102 LearnersLast updated on July 18th, 2025
Derivative of Arctan 4x
We use the derivative of arctan(4x), which helps us understand how the arctangent function changes in response to a slight change in x. Derivatives are useful in various real-life applications, such as calculating rates of change. We will now discuss the derivative of arctan(4x) in detail.
What is the Derivative of Arctan 4x?
We now explore the derivative of arctan(4x). It is commonly represented as d/dx (arctan(4x)) or (arctan(4x))', and its value is 4/(1+(4x)²). The function arctan(4x) has a well-defined derivative, indicating it is differentiable within its domain. The key concepts are mentioned below: Arctangent Function: (arctan(x) is the inverse of the tangent function). Chain Rule: A rule for differentiating composite functions. Inverse Trigonometric Functions: Functions that reverse the effect of the trigonometric functions.
Derivative of Arctan 4x Formula
The derivative of arctan(4x) can be denoted as d/dx (arctan(4x)) or (arctan(4x))'. The formula we use to differentiate arctan(4x) is: d/dx (arctan(4x)) = 4/(1+(4x)²) The formula applies to all x where the expression 1+(4x)² is nonzero.
Proofs of the Derivative of Arctan 4x
We can derive the derivative of arctan(4x) using proofs. To show this, we will use trigonometric identities along with the rules of differentiation. There are several methods we use to prove this, such as: By First Principle Using Chain Rule Using Chain Rule To prove the differentiation of arctan(4x) using the chain rule, We use the formula for the derivative of arctan(x): d/dx (arctan(x)) = 1/(1+x²) Consider u = 4x; hence, arctan(4x) = arctan(u). By the chain rule: d/dx (arctan(u)) = (d/du (arctan(u))) * (du/dx) d/dx (arctan(4x)) = (1/(1+u²)) * 4 Substituting u = 4x, we get: d/dx (arctan(4x)) = 4/(1+(4x)²)

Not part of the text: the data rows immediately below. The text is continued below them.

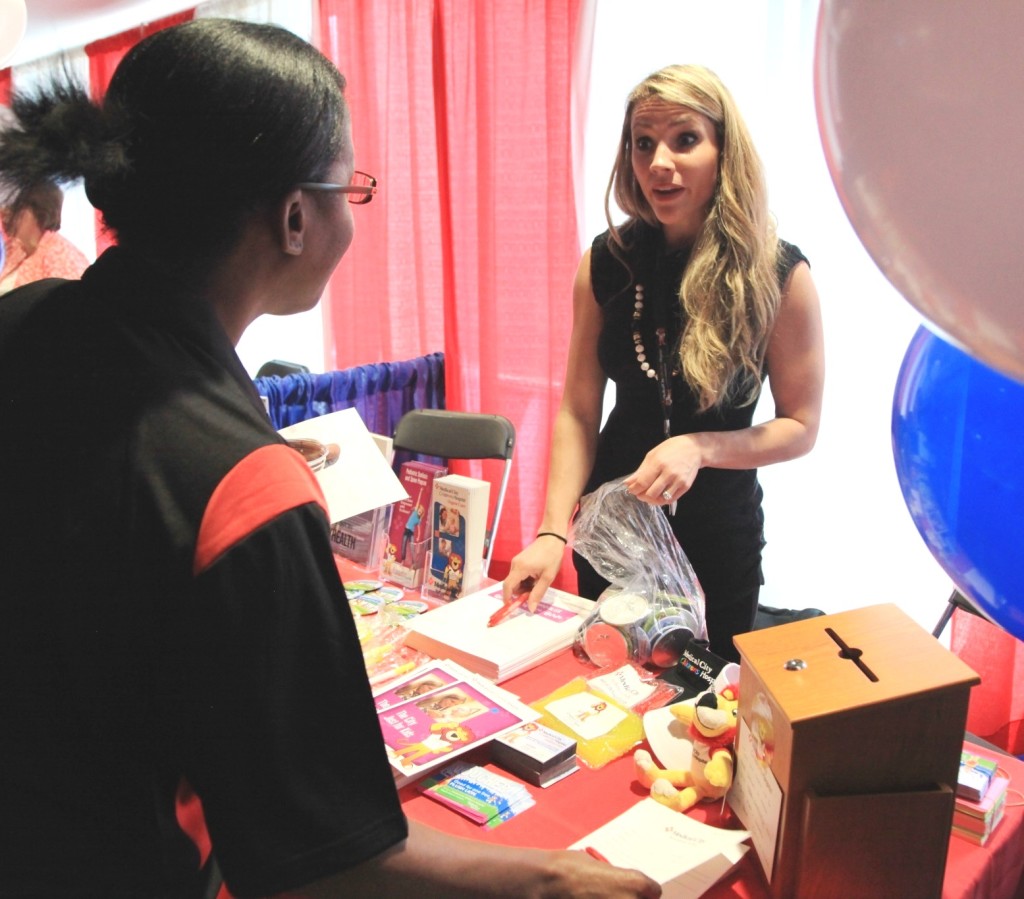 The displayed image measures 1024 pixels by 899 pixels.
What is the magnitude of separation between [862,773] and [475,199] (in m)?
3.11

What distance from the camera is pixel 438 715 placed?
120 centimetres

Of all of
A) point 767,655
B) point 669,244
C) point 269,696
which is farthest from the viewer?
point 669,244

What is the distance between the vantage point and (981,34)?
0.49m

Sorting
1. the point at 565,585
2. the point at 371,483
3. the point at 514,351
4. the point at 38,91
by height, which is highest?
the point at 38,91

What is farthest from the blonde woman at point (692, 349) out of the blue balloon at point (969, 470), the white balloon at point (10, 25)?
the white balloon at point (10, 25)

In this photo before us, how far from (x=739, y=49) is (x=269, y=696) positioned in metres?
Answer: 2.69

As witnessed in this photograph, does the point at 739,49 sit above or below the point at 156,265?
above

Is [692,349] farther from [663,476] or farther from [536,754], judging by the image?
[536,754]

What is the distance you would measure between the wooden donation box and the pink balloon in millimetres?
442

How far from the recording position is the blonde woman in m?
1.60

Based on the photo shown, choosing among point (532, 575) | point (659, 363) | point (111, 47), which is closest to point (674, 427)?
point (659, 363)

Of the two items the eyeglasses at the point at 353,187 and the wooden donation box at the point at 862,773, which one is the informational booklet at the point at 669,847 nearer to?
the wooden donation box at the point at 862,773

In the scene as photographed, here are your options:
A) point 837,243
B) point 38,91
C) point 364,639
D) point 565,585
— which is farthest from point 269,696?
point 565,585

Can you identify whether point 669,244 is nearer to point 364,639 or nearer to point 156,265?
point 364,639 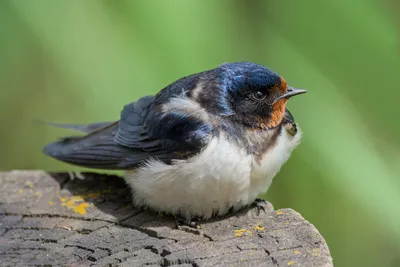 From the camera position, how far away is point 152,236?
1.87m

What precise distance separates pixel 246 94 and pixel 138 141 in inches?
14.4

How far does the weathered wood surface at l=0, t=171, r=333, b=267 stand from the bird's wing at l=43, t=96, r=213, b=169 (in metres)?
0.11

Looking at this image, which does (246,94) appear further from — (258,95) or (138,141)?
(138,141)

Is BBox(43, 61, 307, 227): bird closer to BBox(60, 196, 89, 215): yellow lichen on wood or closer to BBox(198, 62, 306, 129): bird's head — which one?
BBox(198, 62, 306, 129): bird's head

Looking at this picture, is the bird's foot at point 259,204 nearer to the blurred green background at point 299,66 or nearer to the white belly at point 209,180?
the white belly at point 209,180

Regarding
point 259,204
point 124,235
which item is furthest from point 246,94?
point 124,235

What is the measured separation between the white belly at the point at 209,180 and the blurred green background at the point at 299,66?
621 mm

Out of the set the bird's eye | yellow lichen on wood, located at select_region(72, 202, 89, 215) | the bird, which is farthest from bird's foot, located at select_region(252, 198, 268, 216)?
yellow lichen on wood, located at select_region(72, 202, 89, 215)

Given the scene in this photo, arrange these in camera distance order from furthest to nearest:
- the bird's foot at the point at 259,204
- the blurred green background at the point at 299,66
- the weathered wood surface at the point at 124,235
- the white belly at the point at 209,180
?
the blurred green background at the point at 299,66, the bird's foot at the point at 259,204, the white belly at the point at 209,180, the weathered wood surface at the point at 124,235

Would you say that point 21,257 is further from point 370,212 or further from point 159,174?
point 370,212

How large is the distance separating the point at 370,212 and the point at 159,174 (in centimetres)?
90

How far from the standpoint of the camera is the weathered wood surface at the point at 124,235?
1685mm

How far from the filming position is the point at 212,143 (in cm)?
193

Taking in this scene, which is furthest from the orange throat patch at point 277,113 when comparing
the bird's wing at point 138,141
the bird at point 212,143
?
the bird's wing at point 138,141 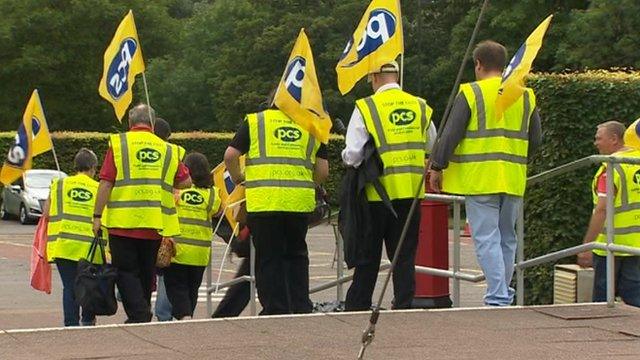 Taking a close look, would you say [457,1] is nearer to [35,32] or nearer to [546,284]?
[35,32]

Higher-Order Derivatives of Arctan 4x
When a function is differentiated multiple times, the derivatives obtained are referred to as higher-order derivatives. Higher-order derivatives can be a bit complex. To understand them better, think of a car where the speed changes (first derivative) and the rate at which the speed changes (second derivative) also changes. Higher-order derivatives make it easier to understand functions like arctan(4x). For the first derivative of a function, we write f′(x), which indicates how the function changes or its slope at a certain point. The second derivative is derived from the first derivative, which is denoted using f′′(x). Similarly, the third derivative, f′′′(x), is the result of the second derivative, and this pattern continues. For the nth Derivative of arctan(4x), we generally use fⁿ(x) for the nth derivative of a function f(x), which tells us the change in the rate of change.
Special Cases:
When x is ±∞, the derivative approaches 0 because the function levels out as it approaches its horizontal asymptotes. When x is 0, the derivative of arctan(4x) = 4/(1+0²) = 4.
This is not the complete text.